PROBLEM DESCRIPTION:
Locate "2115 Old State" in the data below, then output the line it is on and all following lines through the last, word for word. Skip any pictures.

AVAILABLE RECORDS:
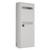 Recess Box For 27L Continuous Flow Units 320316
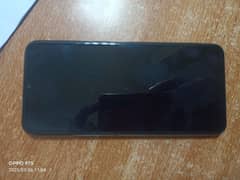 vivo y33s 8gb 128gb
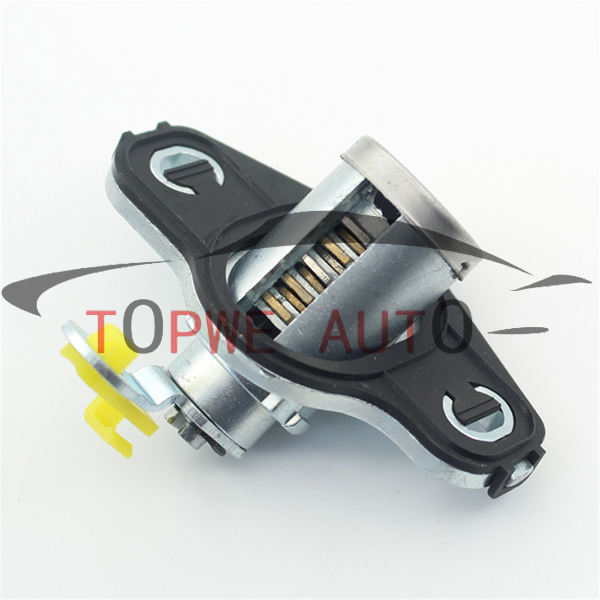 TPTOY-L08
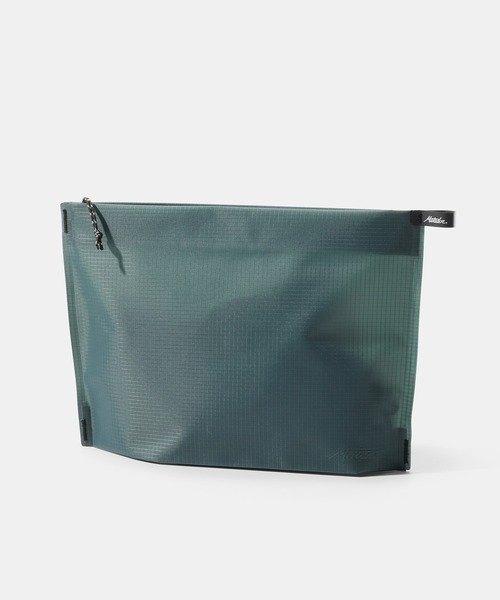 TUMI（トゥミ） 旅行 TRAVEL ACCESSORY ハンガーセット(スーツケース用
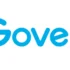 Get Up to 80% OFF on Super Sale at Govee!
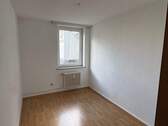 Zimmer - 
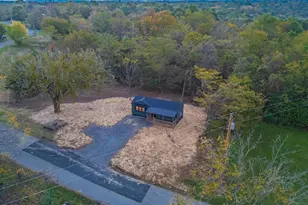 2115 Old State Rd, Manchester, OH 45144 - Photo 5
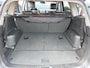 Hyundai Santa Fe 2.7i V6 Style 7p. 7 PERSOONS, AIRCO, TREKHAAK.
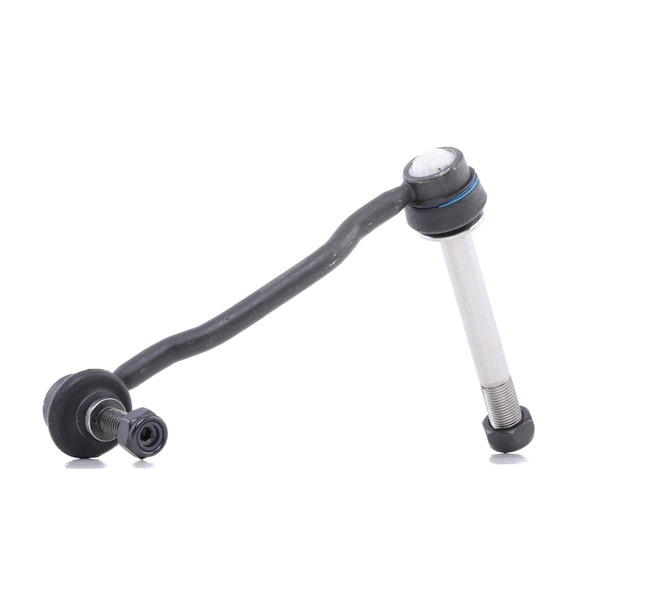 kupić tanie 3229S0139 Drążek / wspornik, stabilizator Oś przednia, z lewej od RIDEX 508752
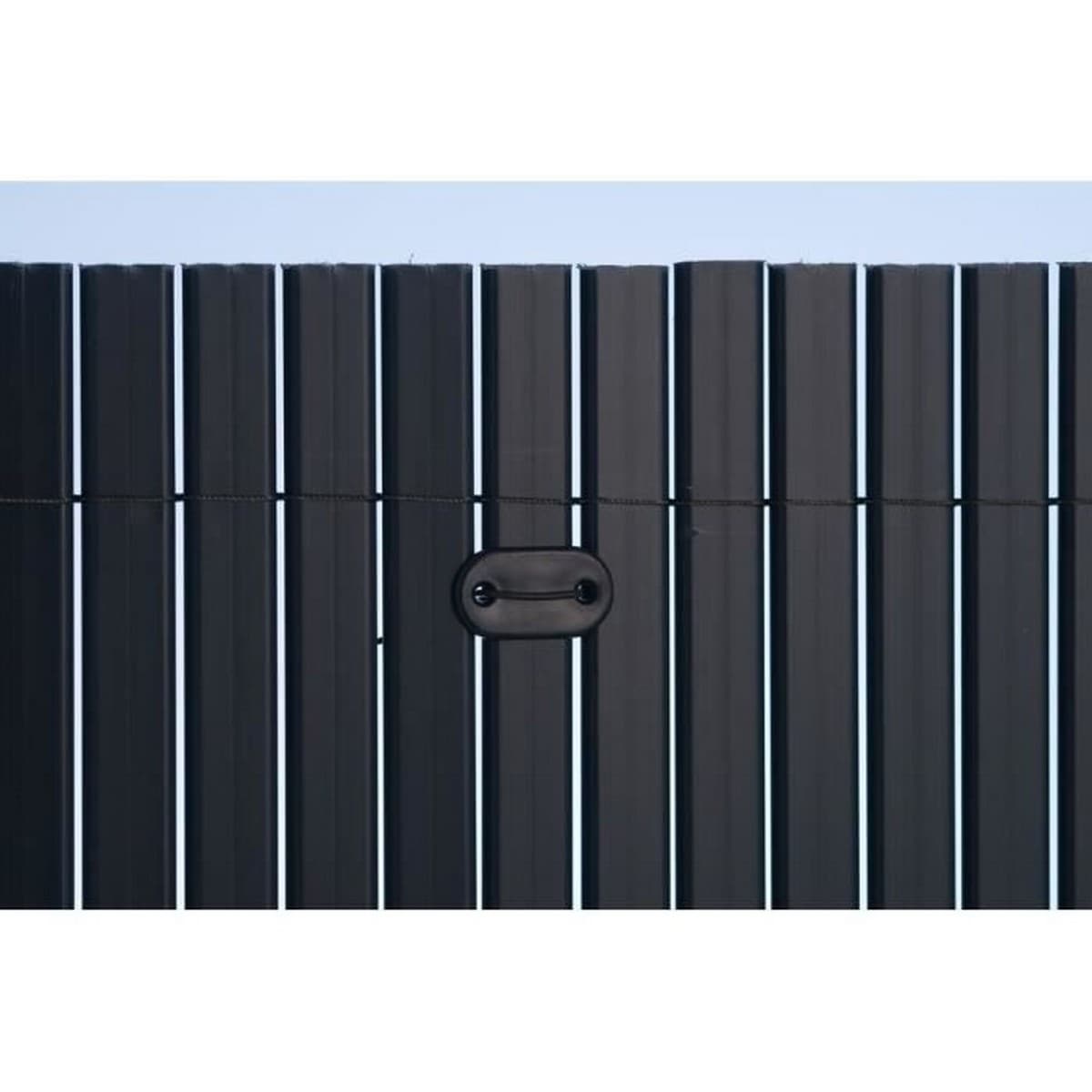 Staples Nature Conjunto de 26 rejillas de fijación - Image 5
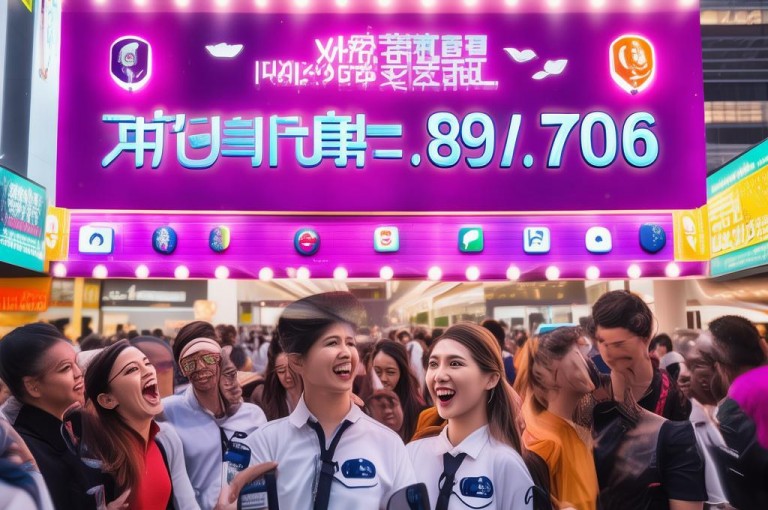 抖音业务全网最低价，iPhone89.7.706，实惠选择，品质保障。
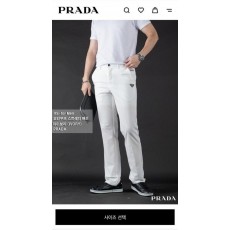 프** 모던무브 스트레치 팬츠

OUTPUT OF THE TASK:
 2115 Old State Rd, Manchester, OH 45144 - Photo 5
 Hyundai Santa Fe 2.7i V6 Style 7p. 7 PERSOONS, AIRCO, TREKHAAK.
 kupić tanie 3229S0139 Drążek / wspornik, stabilizator Oś przednia, z lewej od RIDEX 508752
 Staples Nature Conjunto de 26 rejillas de fijación - Image 5
 抖音业务全网最低价，iPhone89.7.706，实惠选择，品质保障。
 프** 모던무브 스트레치 팬츠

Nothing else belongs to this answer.